If including tracebacks, please include the full traceback. Large logs and files
should be attached.

Hi @TomsCodingCode, thanks for using TFX and report the issue with a concrete standalone example!

The Evaluator standard component redirects its implementation into TFMA packages. Although, I am not an expert on TFMA, at my glance, the issue arises because the tf.keras.metrics.R2Score metric stores multiple internal variables (like sum of squares, sample count, etc.) However, TFMA usually expects metrics to have a simple, single-value state for serialization and aggregation. This mismatch causes the error you encountered.

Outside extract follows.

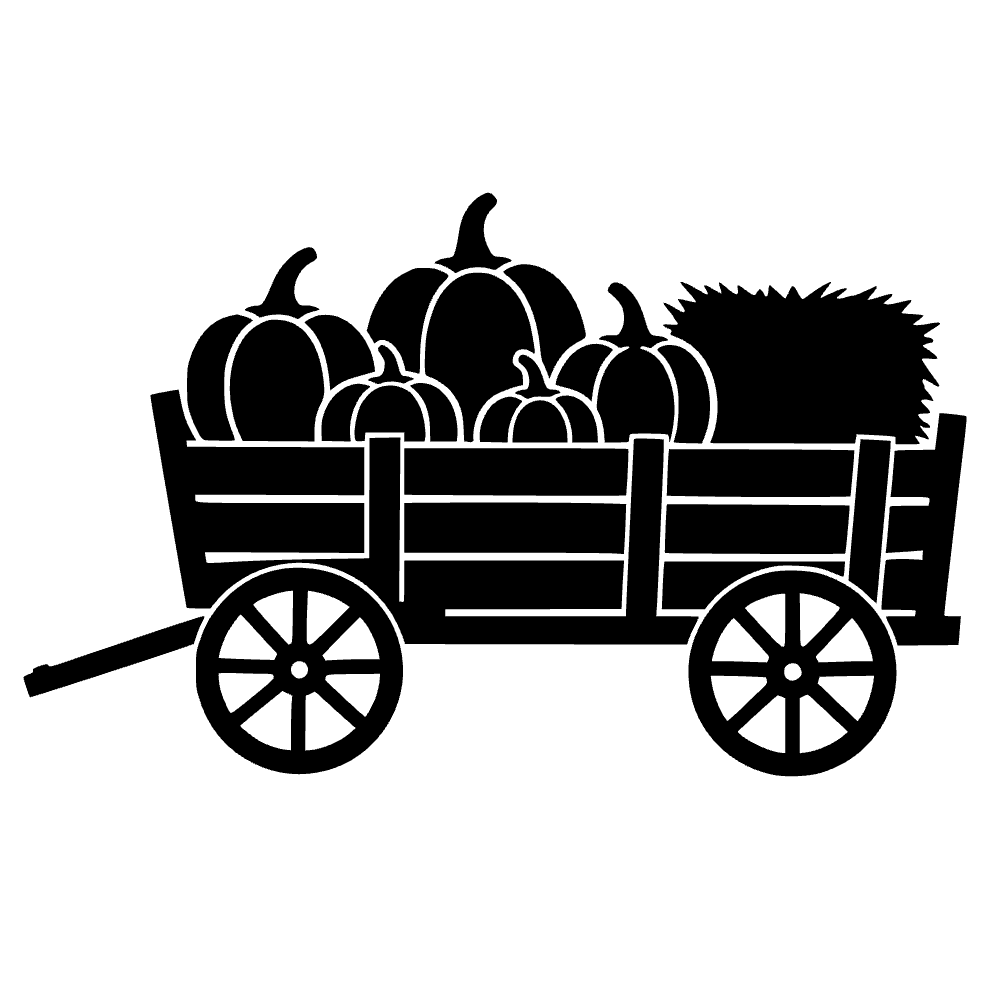 Carreta de cosecha con calabazas — archivo SVG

To resolve this, you can use a custom metric wrapper called R2ScoreWrapper. This wrapper encapsulates the complex internal state of R2Score and exposes only the final value to TFMA, making it compatible with TFMA's serialization and aggregation mechanisms.

class R2ScoreWrapper(tf.keras.metrics.Metric):
  def __init__(self, name="r2_score_wrapper", **kwargs):
    super().__init__(name=name, **kwargs)
    self.r2_score = tf.keras.metrics.R2Score()

  def update_state(self, y_true, y_pred, sample_weight=None):
    self.r2_score.update_state(y_true, y_pred, sample_weight)

  def result(self):
    return self.r2_score.result()

  def reset_state(self):
    self.r2_score.reset_state()

...
  linear_model.compile(
    optimizer=keras.optimizers.Adam(learning_rate=0.1),
    loss='mean_absolute_error',
    metrics=[R2ScoreWrapper()]
    # metrics=[tf.keras.metrics.R2Score()]
    )

I found the similar phenomenon appears to the metrics.F1Score too. Hope that it works as you wish. Thanks!

That works perfectly fine as a workaround, thanks!

Is this a bug in tfma then or is this expected baviour?